EU Observer reports that EU finance ministers are to sign a first agreement on laws that would strongly increase the power of the EU to instruct euro-zone countries on how to spend their national budgets.
Applying to the seventeen members of the single currency only, the two laws require that all national budgets be presented to the Commission for “assessment” at the same time—by 15 October at the latest, according to a draft of the agreement.
The Commission would have the power to ask for a revision of the budget if it considered it likely to lead to a breach of the rules underpinning the euro, which bind member-states to keeping minimal budget deficits.
The seventeen would be required to establish independent bodies and to base their national budgets on independent forecasts—a move designed to depoliticise the process of drawing up the budget in member-states by subjecting it to technocratic eyes. Countries already breaching the budget deficit rules will have to issue regular reports to Brussels and agree a “partnership programme” on how to get back on the right fiscal track.
Those either experiencing or at risk of “severe” difficulties with their finances, or those already in a bail-out scheme, will be subject to far more invasive monitoring. Essentially they would lose the authority for any kind of discretionary spending.
The draft rules would entitle the Commission to grill them on the “content and direction” of fiscal policy, while Brussels would be entitled to see sensitive information, such as information on the financial health of individual banks. Bailed-out euro members would remain under this hyper-surveillance regime until they have paid back at least three-quarters of the money lent to them.

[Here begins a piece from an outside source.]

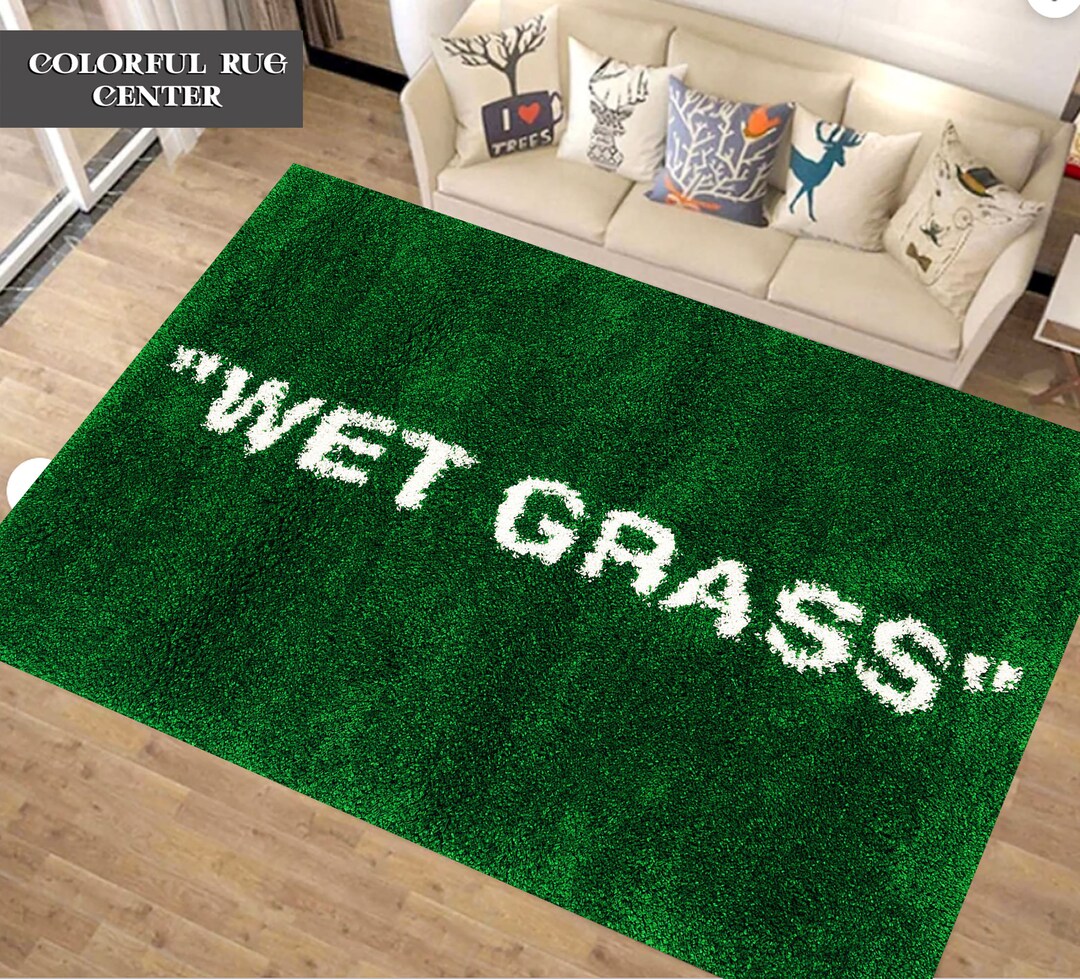 Wet Grass, Wet Grass Rug, Wetgrass, Wet Grass Pattern Rug, Green Rug ...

Much of the draft, proposed by the Commission last November, is to be approved by finance ministers, but a clause that would have essentially forced a country to undergo a bail-out has been removed, said a contact close to the negotiations.

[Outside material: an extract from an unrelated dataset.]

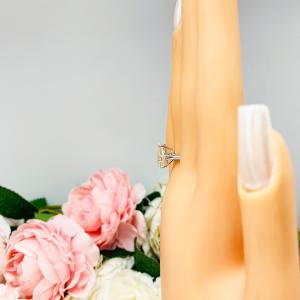 Pear Near Colorless 12x8mm Cubic Zirconia Engagement Ring SIZE 8 FINAL SALE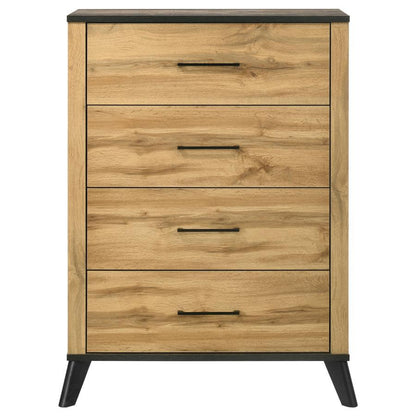 Kaywood - 4-Drawer Bedroom Chest Of Drawers - Natural Pine Coaster Fine Furniture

The laws come on top of six other budgetary surveillance laws applying to all twenty-seven member-states that came into force in December.
They form part of the EU’s attempt to make sure the present sovereign debt crisis will never happen again, although critics say the laws infringe on national democracy.
Following the ministers’ green light the draft will go to the EU Parliament, with real negotiations between the two sides expected to come in April, after the proposal has made its way through committee.
One of the sticky issues will be how much these laws should encompass what is in the fiscal discipline treaty, an intergovernmental document covering much of the same area, due to be signed by EU leaders in March. If the scope of these laws is too wide it would raise the awkward question—already to be heard sotto voce in Brussels—about the point of having the fiscal treaty at all.